ACTIVITY: Begin at the line containing "Ventilateur de plafond géométrique clair" in the records below, end at the line containing "19 Annette Dr, Edison Twp., NJ 08820", and retype each line in that span exactly. No other line and no image should appear.

PROVIDED MATERIAL:
*** Begin section ***

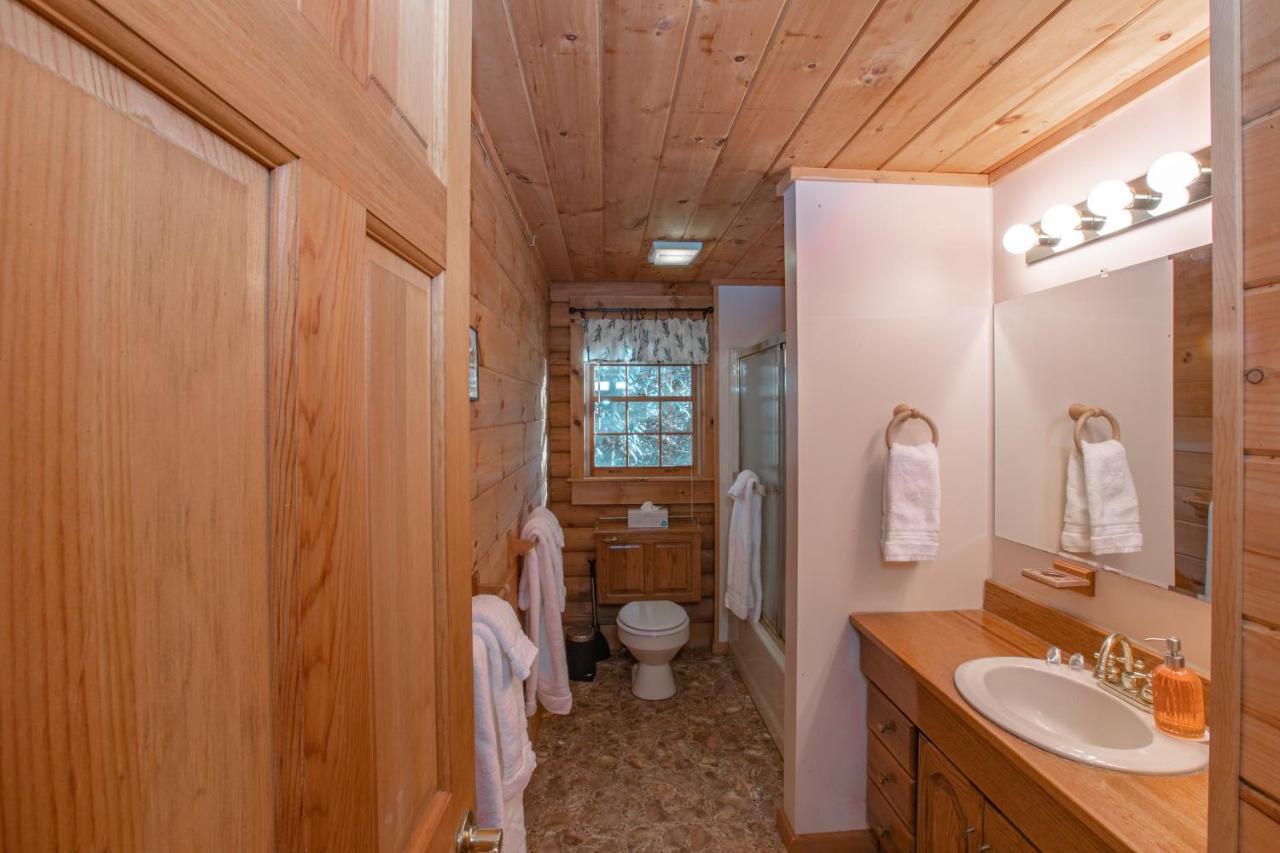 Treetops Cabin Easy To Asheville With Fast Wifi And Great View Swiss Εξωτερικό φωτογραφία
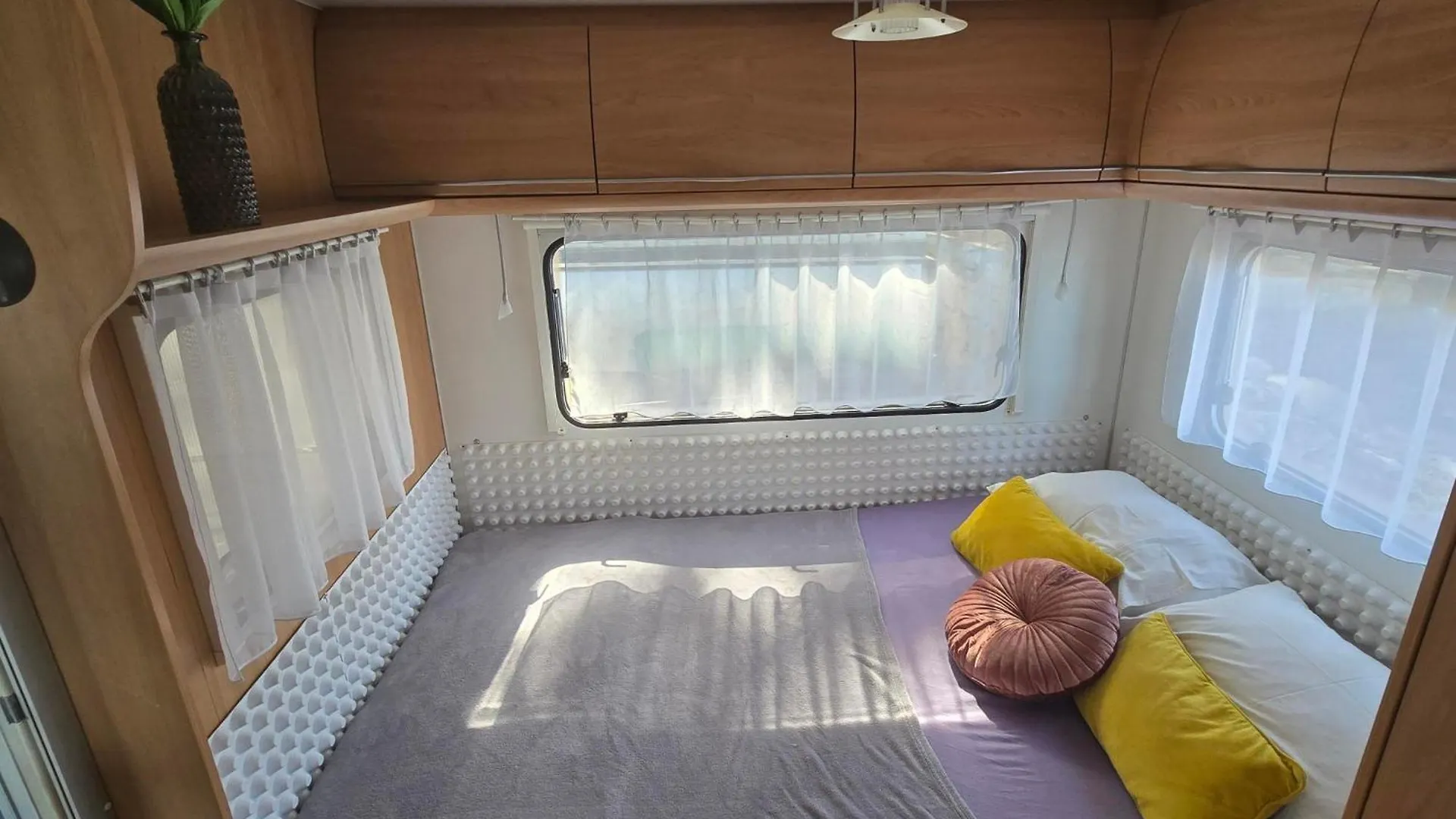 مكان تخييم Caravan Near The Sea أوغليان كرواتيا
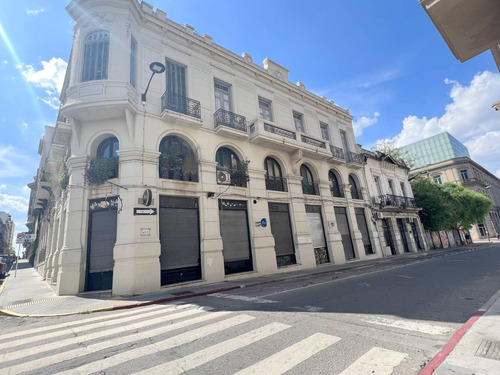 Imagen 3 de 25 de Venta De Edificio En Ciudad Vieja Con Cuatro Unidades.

*** End section ***
*** Begin section ***

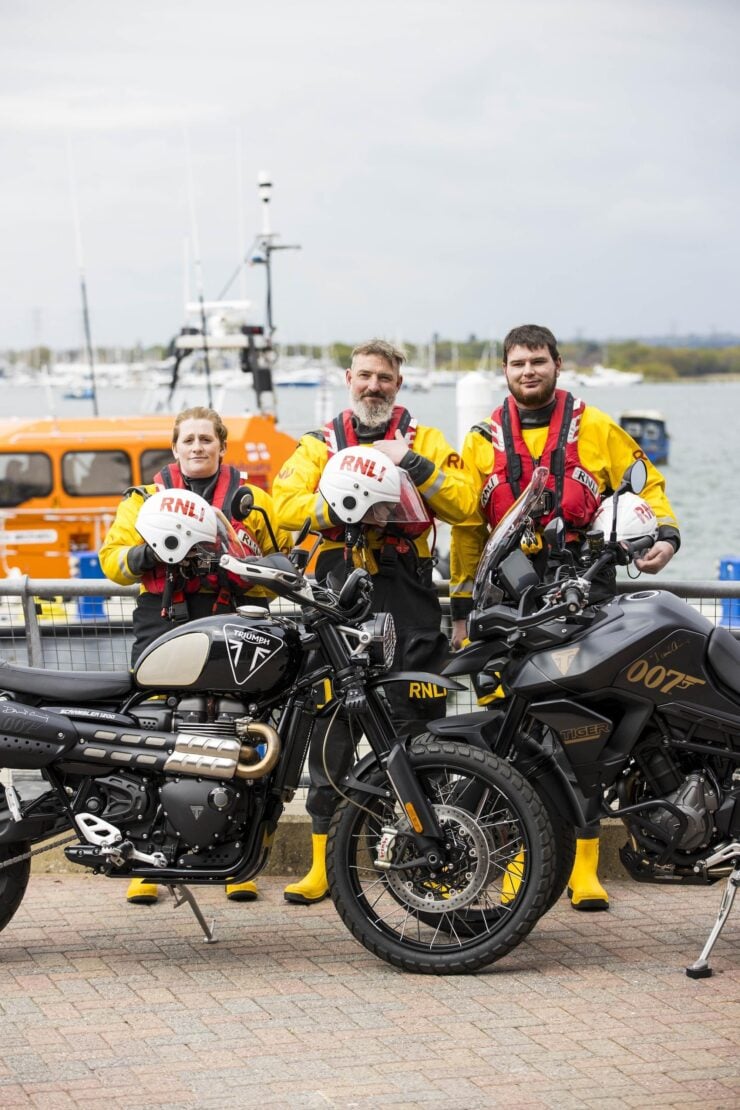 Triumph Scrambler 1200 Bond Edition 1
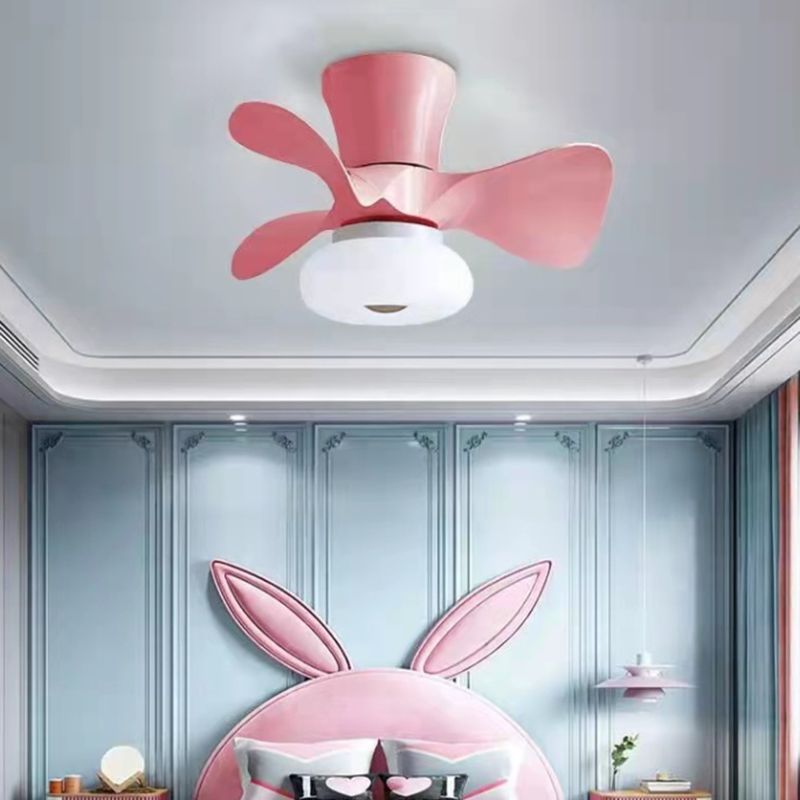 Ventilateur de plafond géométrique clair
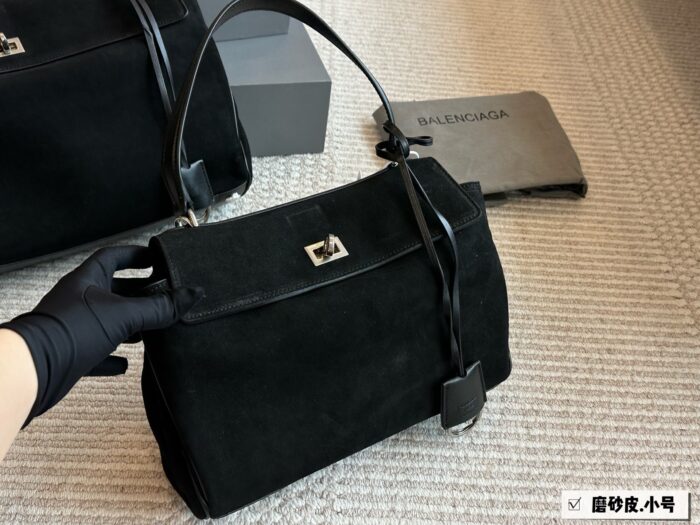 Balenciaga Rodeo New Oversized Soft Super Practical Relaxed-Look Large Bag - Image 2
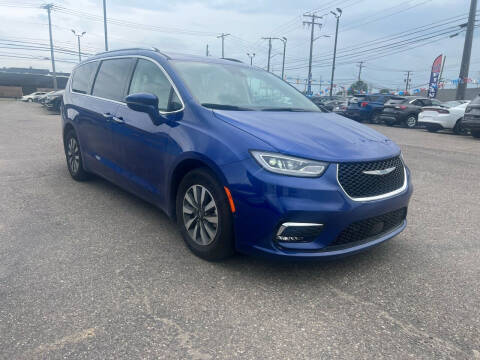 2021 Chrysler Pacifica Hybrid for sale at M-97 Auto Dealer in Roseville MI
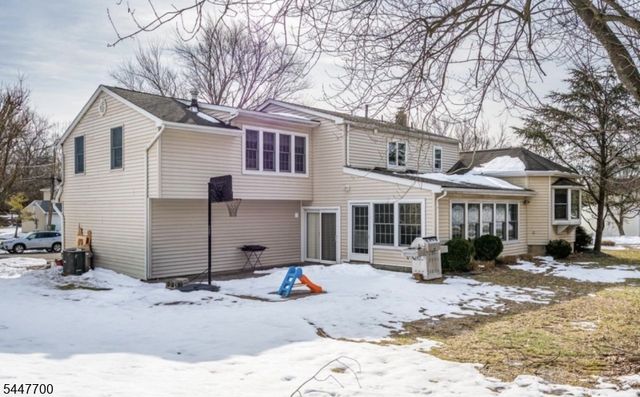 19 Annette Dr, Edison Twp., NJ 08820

*** End section ***
*** Begin section ***

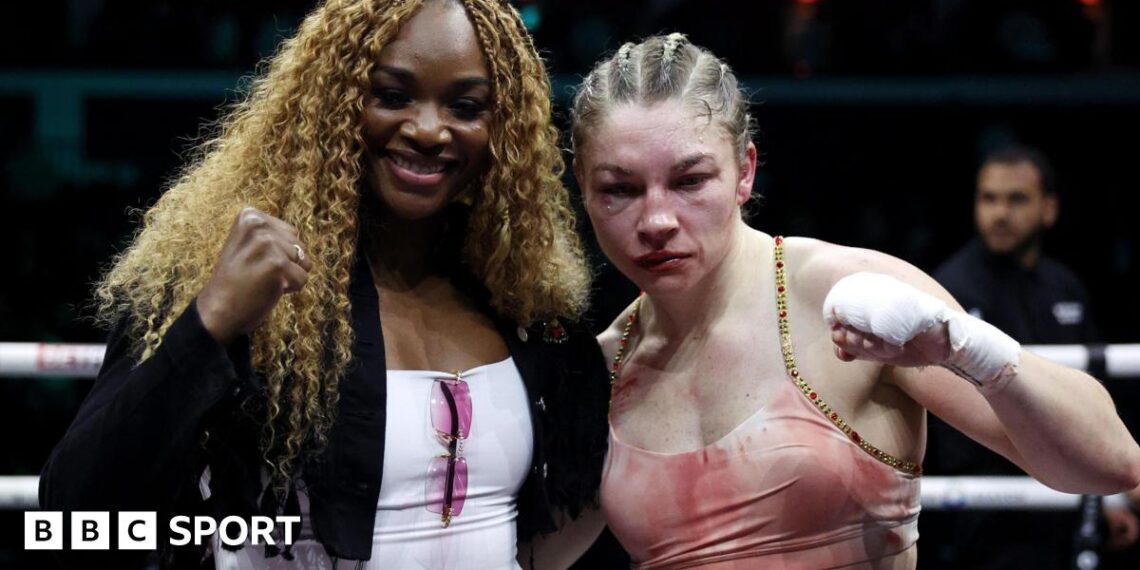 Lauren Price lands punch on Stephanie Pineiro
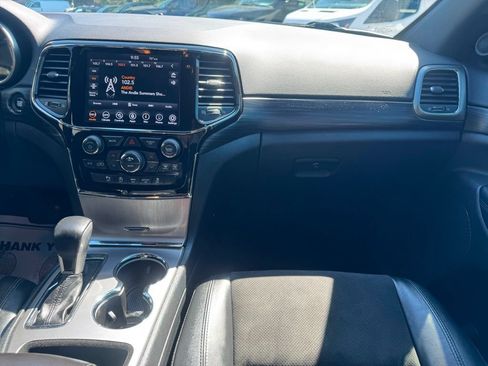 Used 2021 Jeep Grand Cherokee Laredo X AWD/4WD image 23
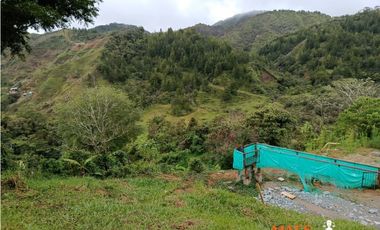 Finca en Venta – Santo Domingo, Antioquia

*** End section ***

RESULT:
 Ventilateur de plafond géométrique clair
 Balenciaga Rodeo New Oversized Soft Super Practical Relaxed-Look Large Bag - Image 2
 2021 Chrysler Pacifica Hybrid for sale at M-97 Auto Dealer in Roseville MI
 19 Annette Dr, Edison Twp., NJ 08820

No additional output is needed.